Non-falciparum infection represents approximately 25% of all malaria cases in our referral center. We report on all patients microscopically diagnosed with a single P. vivax, P. ovale or P. malariae infection during a five-year prospective study, with a focus on the frequency and clinical impact of these three specific problems.

METHODS

Study setting.

Between April 2000 and March 2005, we included prospectively all travelers, expatriates, and foreign visitors presenting with fever at the Institute of Tropical Medicine of Antwerp (outpatient clinic) or at the University Hospital of Antwerp (inpatient department) and with positive microscopy of non-falciparum malaria.

Definitions.

Fever was defined by a documented axillary temperature ≥ 38°C, or by the combination of chills/rigor and sweats within three days prior to consultation. Travelers were defined as western patients having stayed in a malarious area for a period less than six 6 months, or natives from malaria-endemic countries residing for more than one year in Europe and returning to their country for a visit of less than six months. Expatriates were western patients residing for more than six months in a malarious area. Foreign visitors were natives from malaria-endemic countries arriving in Europe for the first time.

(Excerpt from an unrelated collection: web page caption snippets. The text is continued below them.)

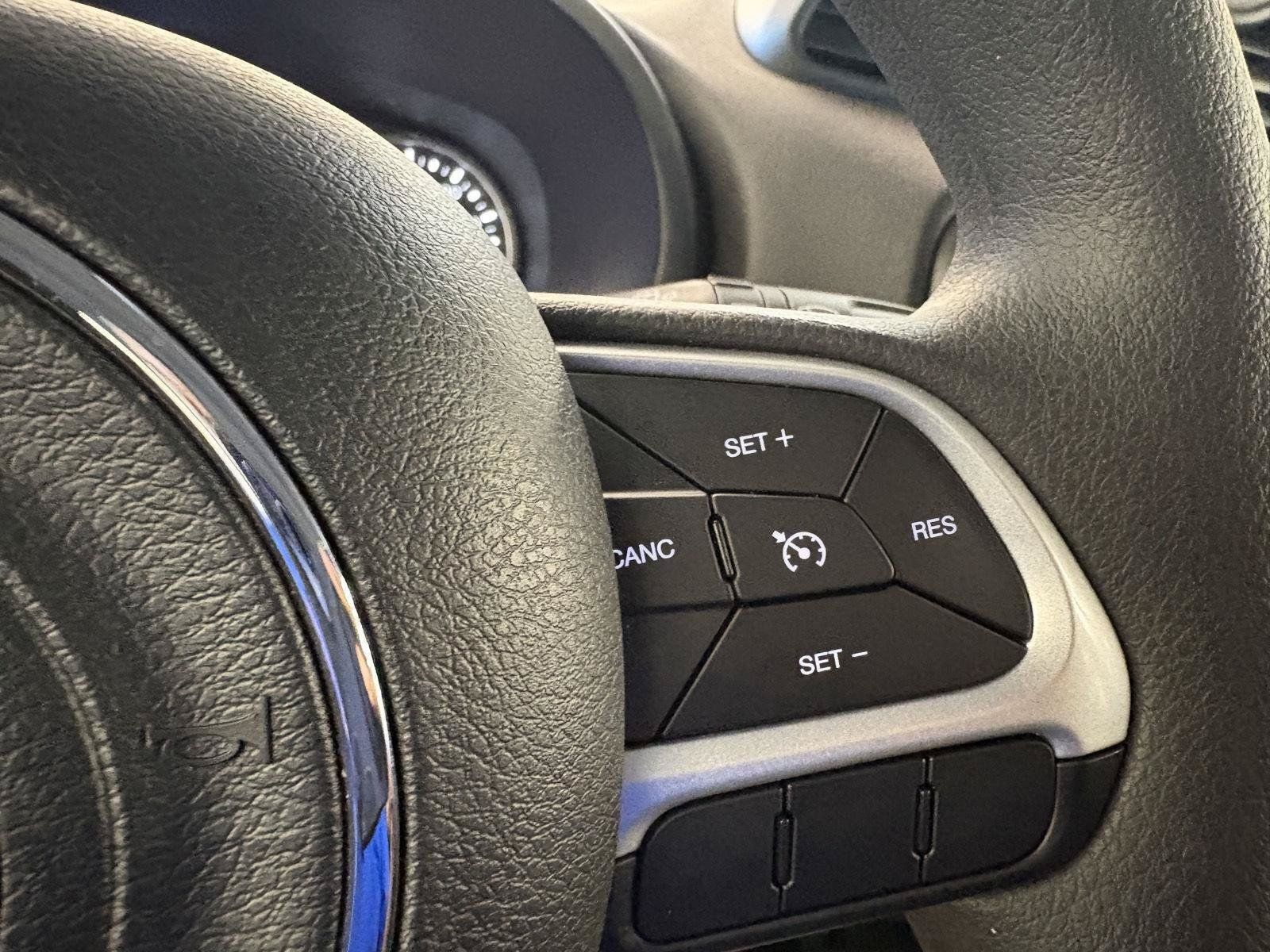 Used 2023 Jeep Renegade Latitude AWD/4WD image 26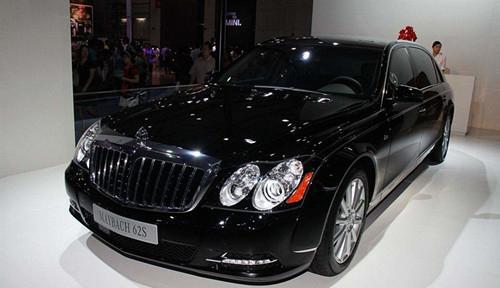 1070万的迈巴赫62s，真是帝王级享受，最后的车钥匙是亮点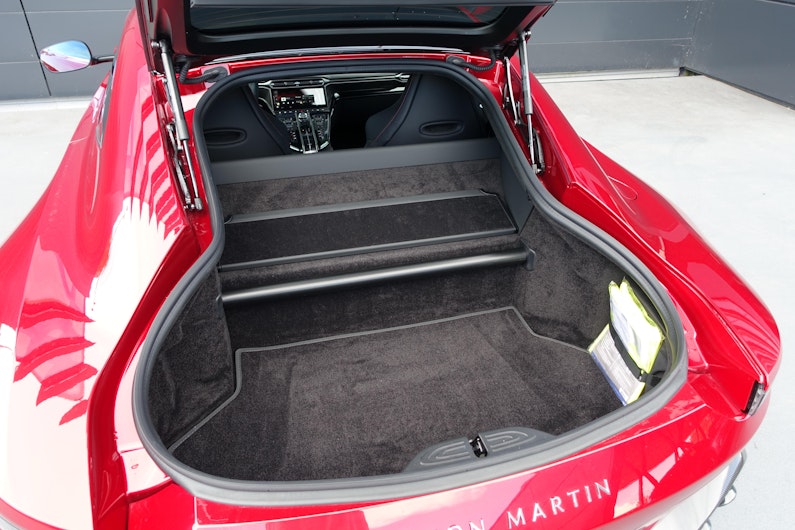 Vehicle image ASTON MARTIN V12 Vantage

Latency period was defined as the time lapse between return/arrival from the last visited malaria-endemic country and onset of fever. Adherence to chemoprophylaxis or malaria treatment referred to full compliance (thoroughly investigated) with recommended dose and duration of malaria prophylaxis or treatment.

Diagnosis.

Only the cases in whom a single malaria species (P. vivax, P. ovale, or P. malariae) could be accurately identified in a thick and/or thin blood film were further studied. Low parasitemia was defined as a parasite density < 500/μL, or < 0.01% of parasitized red blood cells (RBCs) because accurate diagnosis becomes problematic below this threshold in most routine laboratories.8,9

Three-band rapid diagnostic tests (RDTs) have been used routinely in our center since 2003, including tests based on detection of histidine-rich protein 2 (HRP-2) aldolase (NOW® ICT Malaria Test for Whole Blood; Binax, Scarborough, ME), and parasite lactate dehydrogenase (pLDH) (OptiMAL®; DiaMed AG, Cressiersur-Morat. Switzerland). Molecular techniques were not available for daily practice during the study period.

Treatment and follow-up.

Treatment was considered adequate when chloroquine (total dose = 1.5 g over a three-day period) was administered at diagnosis, but also when another treatment targeting P. falciparum was given in case of uncertain initial Plasmodium identification. As until recently widely accepted,10 all patients with P. vivax or P. ovale infections were systematically given a standard course of primaquine therapy (15 mg of primaquine base daily over a 14-day period, total dose = 210 mg), except in case of pregnancy or glucose-6-phosphate dehydrogenase (G6PD) deficiency. In overweight patients (no precise cut-off), clinicians could administer at discretion primaquine (22.5 mg/day for a 14-day period, total dose = 315 mg) to reach the recommended therapeutic dose of 3.5–4.2 mg/kg.11 In case of relapse despite standard primaquine regimen, patients were given a high primaquine dosage treatment (0.5 mg/kg for a 14-day period, total dose = 7 mg/kg). Treatment adherence and short-term outcome were assessed by a follow-up consultation or a phone call within three months after the initial contact. All patients were carefully informed of the risk of relapse/recrudescence, and were told to contact a specialized center immediately in case of fever recurrence even months or years after the first episode. Relapse of malaria was defined as a subsequent and microscopically documented attack in a person who did not travel to an malaria-endemic region since the previous diagnosed episode. From March to June 2005, all enrolled patients were re-contacted by phone and files were re-examined to assess long-term outcome.

Statistical analaysis.

Analyses were done with the SPSS software version 13.0 (SPSS Inc., Chicago, IL). The Pearson chi-square test, one-way analysis of variance, and Kruskal-Wallis test were used, when appropriate, to make comparisons between the three species. The chi-square test, Student’s t-test, and Mann-Whitney U test were used when two groups of patients were compared.

RESULTS

Epidemiology and latency period.

During the five-year study period, 102 episodes of non-falciparum malaria were microscopically diagnosed. Concomitant P. falciparum infection was observed in four of them, which were excluded from this study (P. vivax = 1, P. ovale = 2, P. malariae = 1). The remaining 98 non-falciparum single infections occurred in 90 patients and were split up into 48 (49%) P. vivax, 34 (35%) P. ovale, and 16 (16%) P. malariae episodes. During the study period, 10 additional cases were found with plasmodia on thick blood films, but since low parasitemia precluded precise species identification by microscopy, they were not included.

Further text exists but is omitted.